Die Messe beginnt. Hinter den dicken Mauern ertönt ferner Gesang. In der kurzen Gasse, die die Kirche San Lorenzo mit dem Sitz der Kurie verbindet, ist es ansonsten still. Jeder huscht über den kleinen Platz. Den Blick aufs Kopfsteinpflaster geheftet. Leisen, aber schnellen Schrittes. Vorbei an jenem Haus, in dem verschiedene emeritierte Priester ihren Lebensabend verbringen. Einer von ihnen hütete ein dunkles Geheimnis.
Über das, was sich über zwölf Jahre im Borghetto Nr. 2 ereignete, will kaum jemand reden. Man habe nichts gewusst, alles erst aus den Medien erfahren. Am Freitag führten Beamte in Zivil den ehemaligen Generalvikar der Luganeser Diözese in Handschellen ab. Die Fassade eines gottesfürchtigen Lebens beginnt zu bröckeln. In seiner Wohnung, die ihm die Kurie zur Verfügung stellte, soll Don Armando C.* (80) eine Frau (48) versteckt haben, berichtet die Tessiner Sonntagszeitung «Il Caffè». Die Finnin habe keine gültigen Aufenthaltspapiere und wurde, so der Verdacht, vom Erzpriester gegen ihren Willen festgehalten.
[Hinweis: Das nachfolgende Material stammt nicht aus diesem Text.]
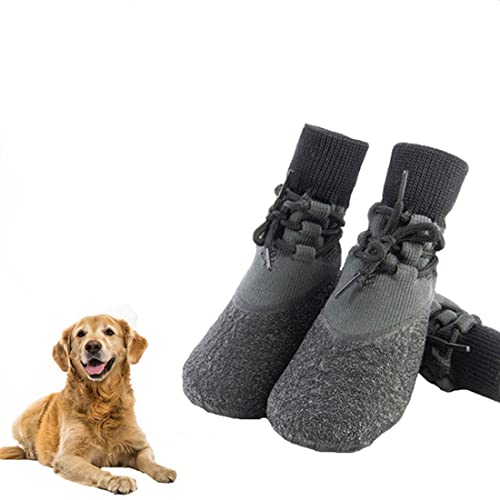 VIZAUZIE Hundeschuhe Pfotenschutz Regenschutz Hundestiefel Wasserdicht Für Haustier Kleine Mittlere Und Große Hunde 4 Stücke Grau S von VIZAUZIE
Diözese will mit Behörden zusammenarbeiten
Die Tessiner Staatsanwaltschaft jedenfalls lässt den ehemaligen Dekan an der theologischen Fakultät in Lugano TI wegen Freiheitsberaubung, Nötigung, pflichtwidriger Unterlassung und leichter Körperverletzung festnehmen. In einer knappen Pressemitteilung bestätigt die Diözese die Festnahme, betont, es seien keine Minderjährigen verwickelt, und verspricht, mit den ermittelnden Behörden eng zusammenzuarbeiten.
Noch sind die Einzelheiten bruchstückhaft. In der Wohnung soll ein unbeschreibliches Chaos geherrscht haben. Die Frau sei derartig verdreckt und verwahrlost gewesen, dass es zu einer Anzeige wegen Körperverletzung kam. Überall hätten Postpakete gelegen, viele von Zalando. Die Anwesenheit der Frau im Hause des emeritierten Priesters ist kaum aufgefallen. Und wenn jemand die Finnin einmal erblickte, dann erklärte Don Armando, sie sei eine Cousine und zu Besuch.
Verhältnis des Priesters zur Frau noch nicht geklärt
Kennengelernt hat Don Armando die Finnin während eines Online-Unterrichts im Internet. Er habe sie, so scheint es, zunächst als Hausdame nach Lugano geholt. Wie eng das Verhältnis schliesslich wurde und warum es derart ausartete, muss die Staatsanwaltschaft nun klären.
«Don Armando ist jeden Tag um sieben Uhr aus dem Haus gegangen. Er ist zur Messe gegangen, dann mit seinem VW ins Büro der Fakultät», erzählt der Küster gegenüber BLICK. Aber eine Frau mit Gewalt festzuhalten? «Nein, das kann ich mir nicht vorstellen. Don Armando ist doch ein so zierlicher, kleiner älterer Herr.»